Data block:
..............................

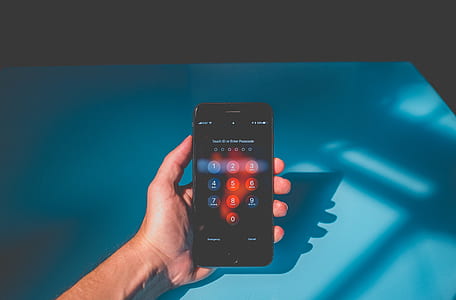 person holding a black iPhone thumbnail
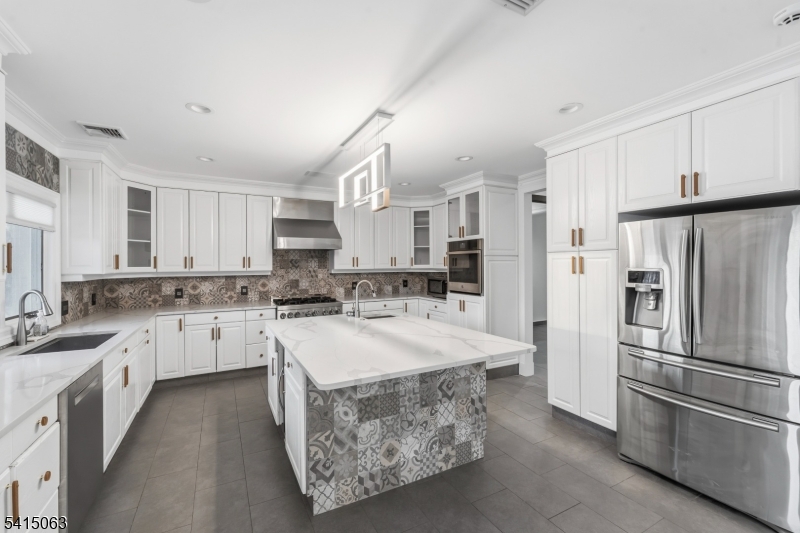 99 Ogle Road Old Tappan, NJ 07675 - Photo 7 of 35 a kitchen with stainless steel appliances granite countertop a refrigerator a sink dishwasher a stove with white cabinets and wooden floor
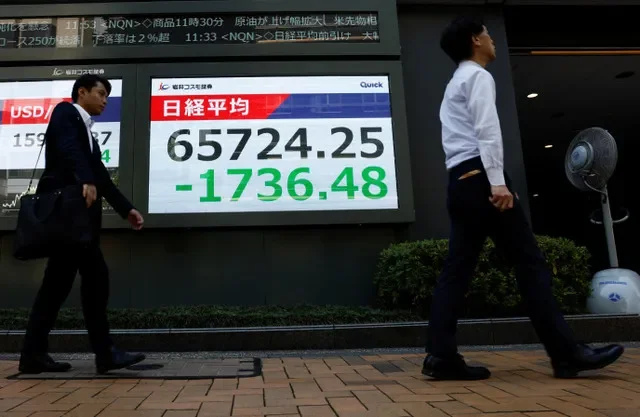 2026年8月19日,日本東京一家券商外,行人走過顯示日經平均指數的行情看板。REUTERS/Manami Yamada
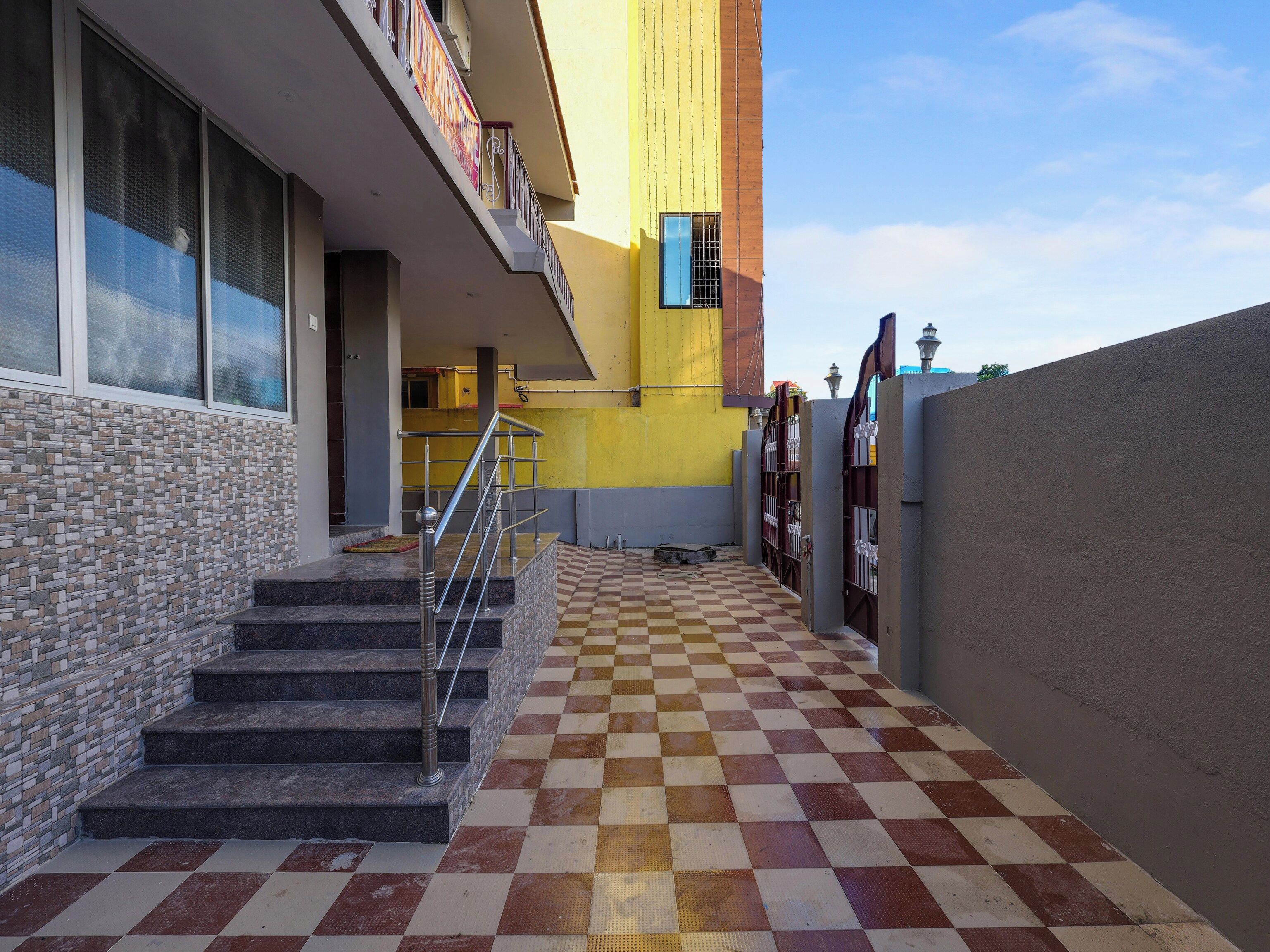 Entrada de hotel con piso de cuadros, una escalera y una pared amarilla.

..............................

The answer should be the full material above, printed exactly, with no pictures in it.

The completed task:
 person holding a black iPhone thumbnail
 99 Ogle Road Old Tappan, NJ 07675 - Photo 7 of 35 a kitchen with stainless steel appliances granite countertop a refrigerator a sink dishwasher a stove with white cabinets and wooden floor
 2026年8月19日,日本東京一家券商外,行人走過顯示日經平均指數的行情看板。REUTERS/Manami Yamada
 Entrada de hotel con piso de cuadros, una escalera y una pared amarilla.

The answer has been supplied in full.